Mostafaei is married to Fereshteh Halimi. They have two daughters.

== Legal work ==
Mostafaei states that he appealed forty death sentences of juvenile defendants during his work in Iran, of which eighteen were overturned. Four of his clients were executed in 2008 and 2009.

Mostafaei became widely known for his work on human rights cases specially on death penalty and stoning cases in Iran and defense of Sakineh Mohammadi Ashtiani, a woman condemned to death by stoning for adultery. He wrote a series of blog posts on her case, attracting international attention and protest. The stoning sentence was commuted in July 2010 in the face of world pressure.

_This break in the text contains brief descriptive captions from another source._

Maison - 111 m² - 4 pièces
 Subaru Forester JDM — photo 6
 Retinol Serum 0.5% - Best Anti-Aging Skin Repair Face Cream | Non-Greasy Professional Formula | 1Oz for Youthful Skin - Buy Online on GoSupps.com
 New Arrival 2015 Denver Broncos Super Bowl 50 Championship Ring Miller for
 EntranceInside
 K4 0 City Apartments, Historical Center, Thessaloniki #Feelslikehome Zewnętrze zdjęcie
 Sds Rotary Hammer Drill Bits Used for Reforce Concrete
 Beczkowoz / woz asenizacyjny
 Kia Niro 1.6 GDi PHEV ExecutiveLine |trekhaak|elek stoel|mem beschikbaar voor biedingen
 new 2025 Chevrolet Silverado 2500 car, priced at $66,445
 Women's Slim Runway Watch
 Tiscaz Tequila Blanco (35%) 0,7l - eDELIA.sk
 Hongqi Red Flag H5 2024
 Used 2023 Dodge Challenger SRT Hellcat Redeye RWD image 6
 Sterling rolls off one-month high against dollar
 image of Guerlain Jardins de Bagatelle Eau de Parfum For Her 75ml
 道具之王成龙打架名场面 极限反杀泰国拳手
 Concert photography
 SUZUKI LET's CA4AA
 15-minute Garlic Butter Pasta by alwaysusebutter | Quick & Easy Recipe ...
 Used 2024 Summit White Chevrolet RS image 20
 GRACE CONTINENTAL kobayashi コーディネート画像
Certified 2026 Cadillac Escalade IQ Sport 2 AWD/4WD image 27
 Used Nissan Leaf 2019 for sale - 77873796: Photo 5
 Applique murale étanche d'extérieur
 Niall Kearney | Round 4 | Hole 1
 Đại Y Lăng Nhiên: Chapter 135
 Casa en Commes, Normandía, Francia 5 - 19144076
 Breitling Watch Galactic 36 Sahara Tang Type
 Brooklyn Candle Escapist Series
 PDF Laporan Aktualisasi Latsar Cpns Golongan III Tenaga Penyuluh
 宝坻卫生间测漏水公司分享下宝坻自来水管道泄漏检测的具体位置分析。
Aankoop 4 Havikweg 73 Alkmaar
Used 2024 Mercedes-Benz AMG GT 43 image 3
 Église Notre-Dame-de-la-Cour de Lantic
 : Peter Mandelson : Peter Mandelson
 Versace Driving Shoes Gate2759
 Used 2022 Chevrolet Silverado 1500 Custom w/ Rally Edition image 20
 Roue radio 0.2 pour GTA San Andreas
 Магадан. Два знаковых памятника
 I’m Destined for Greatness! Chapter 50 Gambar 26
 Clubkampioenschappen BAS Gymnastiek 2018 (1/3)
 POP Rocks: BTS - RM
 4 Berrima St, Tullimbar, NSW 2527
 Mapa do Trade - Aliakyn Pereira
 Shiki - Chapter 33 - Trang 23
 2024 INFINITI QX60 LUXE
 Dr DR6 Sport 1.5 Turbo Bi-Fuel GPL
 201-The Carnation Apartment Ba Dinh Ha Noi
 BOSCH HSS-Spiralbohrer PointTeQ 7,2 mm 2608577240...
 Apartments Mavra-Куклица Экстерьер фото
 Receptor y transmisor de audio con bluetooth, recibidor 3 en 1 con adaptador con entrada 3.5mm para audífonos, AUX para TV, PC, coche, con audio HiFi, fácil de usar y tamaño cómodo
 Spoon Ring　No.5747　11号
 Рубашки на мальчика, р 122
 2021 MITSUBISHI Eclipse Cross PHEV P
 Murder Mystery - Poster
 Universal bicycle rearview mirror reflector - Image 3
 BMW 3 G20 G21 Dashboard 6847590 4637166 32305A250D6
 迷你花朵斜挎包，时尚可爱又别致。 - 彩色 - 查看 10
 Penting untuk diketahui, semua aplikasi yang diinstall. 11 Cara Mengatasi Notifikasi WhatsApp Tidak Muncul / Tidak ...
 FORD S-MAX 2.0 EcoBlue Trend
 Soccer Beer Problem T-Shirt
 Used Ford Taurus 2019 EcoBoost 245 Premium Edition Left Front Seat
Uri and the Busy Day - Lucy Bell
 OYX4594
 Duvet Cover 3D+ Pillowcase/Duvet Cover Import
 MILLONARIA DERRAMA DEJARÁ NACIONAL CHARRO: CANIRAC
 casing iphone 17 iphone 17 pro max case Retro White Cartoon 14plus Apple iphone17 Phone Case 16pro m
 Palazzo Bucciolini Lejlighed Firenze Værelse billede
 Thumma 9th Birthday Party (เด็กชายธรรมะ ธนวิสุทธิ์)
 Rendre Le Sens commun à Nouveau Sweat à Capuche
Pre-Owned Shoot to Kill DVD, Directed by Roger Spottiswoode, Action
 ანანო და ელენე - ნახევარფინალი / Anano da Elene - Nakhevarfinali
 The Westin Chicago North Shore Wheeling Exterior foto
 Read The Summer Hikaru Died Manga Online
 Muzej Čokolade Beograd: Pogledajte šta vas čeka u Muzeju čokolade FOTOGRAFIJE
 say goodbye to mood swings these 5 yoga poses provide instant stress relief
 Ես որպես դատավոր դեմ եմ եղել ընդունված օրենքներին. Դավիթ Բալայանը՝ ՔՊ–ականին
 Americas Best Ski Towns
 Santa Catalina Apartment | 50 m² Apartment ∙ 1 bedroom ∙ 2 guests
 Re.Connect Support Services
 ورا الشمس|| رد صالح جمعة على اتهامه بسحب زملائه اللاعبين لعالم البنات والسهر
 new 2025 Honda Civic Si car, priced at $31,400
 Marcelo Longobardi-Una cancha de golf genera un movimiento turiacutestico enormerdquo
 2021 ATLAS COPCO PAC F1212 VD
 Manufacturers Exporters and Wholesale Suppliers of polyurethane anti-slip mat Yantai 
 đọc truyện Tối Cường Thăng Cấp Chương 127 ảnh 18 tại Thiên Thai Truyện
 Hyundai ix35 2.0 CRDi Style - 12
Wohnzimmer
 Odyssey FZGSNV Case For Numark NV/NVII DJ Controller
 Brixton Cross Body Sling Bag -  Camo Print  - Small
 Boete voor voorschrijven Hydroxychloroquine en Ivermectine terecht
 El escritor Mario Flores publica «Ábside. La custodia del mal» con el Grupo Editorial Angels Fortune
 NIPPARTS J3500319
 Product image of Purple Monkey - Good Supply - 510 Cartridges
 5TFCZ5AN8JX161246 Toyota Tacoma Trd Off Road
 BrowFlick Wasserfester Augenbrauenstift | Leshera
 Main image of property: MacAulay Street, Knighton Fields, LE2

During the case, Mostafaei's wife, father-in-law, and brother-in-law were imprisoned in what Radio Free Europe/Radio Liberty described as "an apparent attempt to pressure him to back down." Mostafaei then illegally crossed the border into Turkey and sought asylum in Norway. The Norwegian government granted the asylum, Foreign Minister Jonas Gahr Støre calling Mostafaei "a courageous man who raises cases -- difficult cases -- which the authorities don't like". A Mostafaei stated that though the case had forced him to leave Iran, he felt he had made the right choice: "I had a nice house, a good job, nice office, a good car. Iran was my home but it was not important." He continued to work on human rights issues in Norway, describing himself as "maybe 10 times more [active]" than he had been in Iran.

In 2011, Norwegian PEN awarded Mostafaei its Ossietzky Award, an "annual prize for outstanding achievements in the field of free expression".

In 2012 Mohammad Mostafaei, established Universal Tolerance Organization (UTO) in Norway.